Human genetic diversity observed in Indian subcontinent is second only to that of Africa. This implies an early settlement and demographic growth soon after the first 'Out-of-Africa' dispersal of anatomically modern humans in Late Pleistocene. In contrast to this perspective, linguistic diversity in India has been thought to derive from more recent population movements and episodes of contact. With the exception of Dravidian, which origin and relatedness to other language phyla is obscure, all the language families in India can be linked to language families spoken in different regions of Eurasia. Mitochondrial DNA and Y chromosome evidence has supported largely local evolution of the genetic lineages of the majority of Dravidian and Indo-European speaking populations, but there is no consensus yet on the question of whether the Munda (Austro-Asiatic) speaking populations originated in India or derive from a relatively recent migration from further East.
Here, we report the analysis of 35 novel complete mtDNA sequences from India which refine the structure of Indian-specific varieties of haplogroup R. Detailed analysis of haplogroup R7, coupled with a survey of ~12,000 mtDNAs from caste and tribal groups over the entire Indian subcontinent, reveals that one of its more recently derived branches (R7a1), is particularly frequent among Munda-speaking tribal groups. This branch is nested within diverse R7 lineages found among Dravidian and Indo-European speakers of India. We have inferred from this that a subset of Munda-speaking groups have acquired R7 relatively recently. Furthermore, we find that the distribution of R7a1 within the Munda-speakers is largely restricted to one of the sub-branches (Kherwari) of northern Munda languages. This evidence does not support the hypothesis that the Austro-Asiatic speakers are the primary source of the R7 variation. Statistical analyses suggest a significant correlation between genetic variation and geography, rather than between genes and languages.
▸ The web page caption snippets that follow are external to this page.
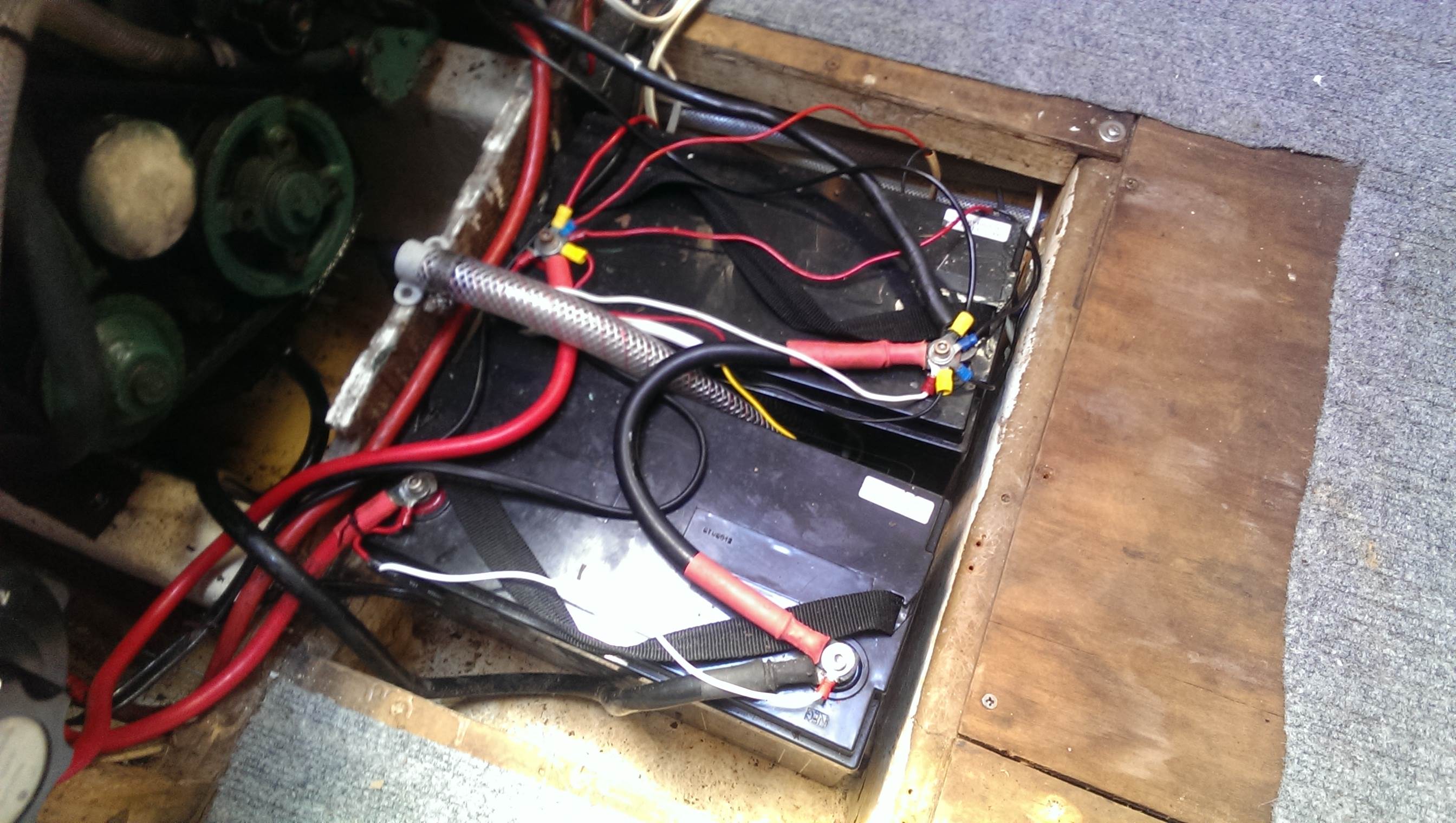 Trek Batteries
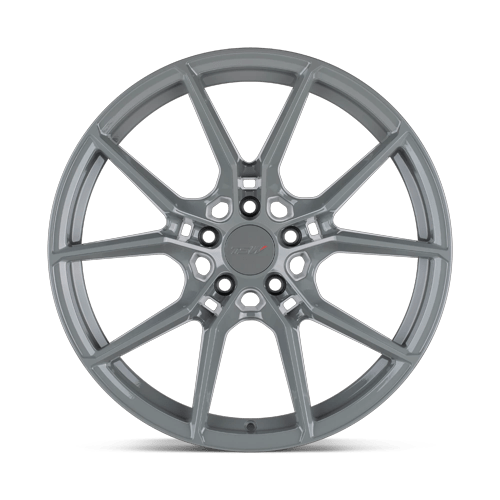 20x10 TSW Neptune Battleship Gray Wheel 5x112 (40mm)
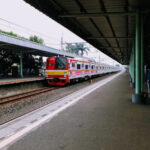 Jadwal KRL Stasiun Tanah Tinggi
Our high-resolution phylogeographic study, involving diverse linguistic groups in India, suggests that the high frequency of mtDNA haplogroup R7 among Munda speaking populations of India can be explained best by gene flow from linguistically different populations of Indian subcontinent. The conclusion is based on the observation that among Indo-Europeans, and particularly in Dravidians, the haplogroup is, despite its lower frequency, phylogenetically more divergent, while among the Munda speakers only one sub-clade of R7, i.e. R7a1, can be observed. It is noteworthy that though R7 is autochthonous to India, and arises from the root of hg R, its distribution and phylogeography in India is not uniform. This suggests the more ancient establishment of an autochthonous matrilineal genetic structure, and that isolation in the Pleistocene, lineage loss through drift, and endogamy of prehistoric and historic groups have greatly inhibited genetic homogenization and geographical uniformity.